Les amis de François Hollande et de Manuel Valls ont non seulement la satisfaction de ne pas avoir perdu la guerre mais, cerise sur le gâteau, celle de gagner le grand prix de vertu de la République. Sans doute, sauf exception locale digne d’éloge, ne poussent-ils pas l’abnégation jusqu’à envisager une stratégie de désistement au profit du « candidat républicain » le mieux placé mais ils consentent tout de même, au cas où leur propre candidat serait éliminé à l‘issue du premier tour, à appeler leurs électeurs à voter UMP plutôt qu’à se réfugier dans l’abstention. C’est ce que l’on pourrait appeler « le front républicain d’outre-tombe », l’appel du mort à choisir le moins mauvais des survivants. On peut ironiser sur la réalité du sacrifice ainsi consenti, force est toutefois de constater que Nicolas Sarkozy s’est, quant à lui, interdit de hiérarchiser de la sorte ses préférences électorales entre le parti avec lequel il « n’a rien de commun » et celui dont il se contente de combattre la politique.
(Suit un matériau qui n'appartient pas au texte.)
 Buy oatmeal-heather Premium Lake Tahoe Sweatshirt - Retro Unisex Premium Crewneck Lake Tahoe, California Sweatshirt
On peut toutefois se demander si une lecture aussi rassurante pour les socialistes du premier tour des élections départementales ne repose pas sur un vice de construction. Le tripartisme célébré sur tous les tons depuis le soir du 22 mars ne serait-il pas un trompe-l’œil dissimulant l’apparition d’un ordre politique devenu résolument quadripartite : extrême droite populiste, droite et centre traditionnels, bloc socialiste, extrême gauche populiste ? En d’autres termes, le prétendu bloc de gauche supposé faire jeu égal ou supérieur avec les deux autres n’en serait pas un mais serait constitué de deux sous-ensembles radicalement distincts, séparés par un fossé aussi profond qu’aux heures chaudes de la guerre froide. Loin d’être l’effet d’une inconséquence tactique réversible, la désunion entre la gauche de gouvernement et la « gauche de gauche » présente en effet un caractère structurel et traduit l’existence de deux visions incompatibles de l’économie, de la société, de l’ordre international et même de la démocratie. Cette lecture quadripartite de l’ordre politique emporte deux conséquences précises :
1 / La situation de la gauche se présente sous un jour nettement moins enviable, les deux composantes qui la constituent n’ayant pas davantage lieu de voir leurs électorats additionnés que ceux de la droite et de l’extrême droite. Sans doute l’extrême gauche ayant vu une bonne partie de son électorat siphonné par le front National, plafonne-t-elle désormais, toutes chapelles confondues, autour de 10% des suffrages, mais la perte de cet appoint décisif ramène la gauche de gouvernement à un étiage d’environ 25% et risque de l’écarter durablement du pouvoir.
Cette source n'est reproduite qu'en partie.